Perwakilan dari Poltekkes Negeri Malang, Pak Budi, mengangkat isu mengenai manajemen remunerasi dan pelaksanaan Audit Mutu Internal (AMI) di UIN Sunan Kalijaga. Pak Budi menanyakan apakah remunerasi bagi dosen yang terlibat dalam program studi yang sudah terakreditasi internasional mendapatkan 200%, serta bagaimana manajemen Surat Keterangan Pendamping Ijazah (SKPI) diatur di UIN Sunan Kalijaga?

Pertanyaan tersebut dijawab Tim LPM UIN Sunan Kalijaga dengan menjelaskan bahwa pelaksanaan AMI dibagi menjadi dua semester, yaitu semester ganjil dan genap, dengan melibatkan sekitar 50 auditor setiap kali audit. Namun, jumlah ini dianggap belum ideal karena satu auditor harus mengaudit dua auditee. Mereka juga menjelaskan bahwa indikator kinerja yang diaudit telah dikurangi sehingga proses audit menjadi lebih fokus dan efisien.

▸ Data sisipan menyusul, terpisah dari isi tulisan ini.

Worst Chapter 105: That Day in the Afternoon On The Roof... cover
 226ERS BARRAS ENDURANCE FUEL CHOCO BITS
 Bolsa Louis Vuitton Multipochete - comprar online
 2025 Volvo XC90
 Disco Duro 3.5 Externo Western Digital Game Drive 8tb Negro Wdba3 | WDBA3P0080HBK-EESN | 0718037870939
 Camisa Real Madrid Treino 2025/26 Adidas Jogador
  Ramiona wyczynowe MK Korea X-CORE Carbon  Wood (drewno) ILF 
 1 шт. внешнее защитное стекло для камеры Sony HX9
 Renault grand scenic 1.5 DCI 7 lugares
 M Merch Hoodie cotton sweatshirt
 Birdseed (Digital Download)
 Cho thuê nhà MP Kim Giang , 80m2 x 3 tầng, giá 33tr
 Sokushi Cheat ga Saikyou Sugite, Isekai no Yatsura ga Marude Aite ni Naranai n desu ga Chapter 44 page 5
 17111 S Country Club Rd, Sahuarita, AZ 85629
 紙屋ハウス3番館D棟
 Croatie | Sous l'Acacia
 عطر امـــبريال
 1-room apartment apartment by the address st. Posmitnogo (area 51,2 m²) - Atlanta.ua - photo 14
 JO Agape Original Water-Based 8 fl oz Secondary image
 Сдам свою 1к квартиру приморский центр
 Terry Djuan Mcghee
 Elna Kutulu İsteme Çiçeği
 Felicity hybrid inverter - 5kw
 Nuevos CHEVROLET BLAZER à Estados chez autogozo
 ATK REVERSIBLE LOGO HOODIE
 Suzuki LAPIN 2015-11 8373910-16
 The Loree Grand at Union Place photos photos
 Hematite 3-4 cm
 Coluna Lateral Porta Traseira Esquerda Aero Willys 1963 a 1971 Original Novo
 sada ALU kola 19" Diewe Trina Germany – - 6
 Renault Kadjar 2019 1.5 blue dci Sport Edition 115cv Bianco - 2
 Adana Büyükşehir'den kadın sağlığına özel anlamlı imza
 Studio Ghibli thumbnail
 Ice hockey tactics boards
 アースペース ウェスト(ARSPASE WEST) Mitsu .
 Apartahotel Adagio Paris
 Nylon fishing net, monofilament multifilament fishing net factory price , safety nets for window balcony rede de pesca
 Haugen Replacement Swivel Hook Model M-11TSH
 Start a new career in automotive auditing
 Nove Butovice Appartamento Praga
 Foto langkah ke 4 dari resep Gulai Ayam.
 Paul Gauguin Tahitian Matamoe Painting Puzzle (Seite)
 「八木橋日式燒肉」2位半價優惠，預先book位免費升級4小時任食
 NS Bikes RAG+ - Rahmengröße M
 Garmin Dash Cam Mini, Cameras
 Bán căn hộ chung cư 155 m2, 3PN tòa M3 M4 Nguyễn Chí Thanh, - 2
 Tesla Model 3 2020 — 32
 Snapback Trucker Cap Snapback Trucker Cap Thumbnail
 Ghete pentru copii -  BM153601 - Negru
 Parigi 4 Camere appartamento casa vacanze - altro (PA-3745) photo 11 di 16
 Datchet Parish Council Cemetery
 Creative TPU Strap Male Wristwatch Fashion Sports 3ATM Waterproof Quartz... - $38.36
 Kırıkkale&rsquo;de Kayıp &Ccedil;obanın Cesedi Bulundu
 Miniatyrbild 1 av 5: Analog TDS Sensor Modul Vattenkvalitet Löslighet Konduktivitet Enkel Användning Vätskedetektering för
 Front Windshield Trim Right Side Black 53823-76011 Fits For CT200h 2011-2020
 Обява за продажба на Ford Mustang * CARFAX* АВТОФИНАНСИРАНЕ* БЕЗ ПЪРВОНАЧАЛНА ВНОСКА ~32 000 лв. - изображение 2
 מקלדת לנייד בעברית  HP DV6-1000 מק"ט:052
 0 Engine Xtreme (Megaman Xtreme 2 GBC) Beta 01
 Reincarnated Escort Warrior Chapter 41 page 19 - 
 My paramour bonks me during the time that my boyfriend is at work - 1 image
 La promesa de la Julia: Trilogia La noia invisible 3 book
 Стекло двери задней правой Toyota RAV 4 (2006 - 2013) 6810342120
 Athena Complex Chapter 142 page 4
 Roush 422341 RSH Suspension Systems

Penutupan dan Rencana Tindak Lanjut

Setelah diskusi selesai, rapat ditutup oleh Dr. Muhammad Fakhri Husein S.E., M.Si., yang menegaskan pentingnya komunikasi intensif antar unit dalam pengembangan sistem yang berkelanjutan. Selain itu, beliau juga menyampaikan bahwa UIN Sunan Kalijaga siap untuk terus berbagi pengalaman dan pengetahuan dengan institusi lain dalam rangka meningkatkan mutu pendidikan tinggi di Indonesia.